**Task prompt:**
Reprint every entry, character for character.
=====
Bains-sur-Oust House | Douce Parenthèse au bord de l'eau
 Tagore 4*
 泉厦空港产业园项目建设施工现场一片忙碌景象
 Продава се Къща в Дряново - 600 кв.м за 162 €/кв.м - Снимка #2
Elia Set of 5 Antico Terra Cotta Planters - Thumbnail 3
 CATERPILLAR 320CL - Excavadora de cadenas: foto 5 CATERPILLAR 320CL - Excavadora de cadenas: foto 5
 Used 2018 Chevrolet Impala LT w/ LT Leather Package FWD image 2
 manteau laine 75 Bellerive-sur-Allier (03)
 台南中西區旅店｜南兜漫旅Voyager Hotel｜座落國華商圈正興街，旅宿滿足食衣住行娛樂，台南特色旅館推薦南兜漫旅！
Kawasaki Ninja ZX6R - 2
=====
**Written solution:**
Bains-sur-Oust House | Douce Parenthèse au bord de l'eau
 Tagore 4*
 泉厦空港产业园项目建设施工现场一片忙碌景象
 Продава се Къща в Дряново - 600 кв.м за 162 €/кв.м - Снимка #2
Elia Set of 5 Antico Terra Cotta Planters - Thumbnail 3
 CATERPILLAR 320CL - Excavadora de cadenas: foto 5 CATERPILLAR 320CL - Excavadora de cadenas: foto 5
 Used 2018 Chevrolet Impala LT w/ LT Leather Package FWD image 2
 manteau laine 75 Bellerive-sur-Allier (03)
 台南中西區旅店｜南兜漫旅Voyager Hotel｜座落國華商圈正興街，旅宿滿足食衣住行娛樂，台南特色旅館推薦南兜漫旅！
Kawasaki Ninja ZX6R - 2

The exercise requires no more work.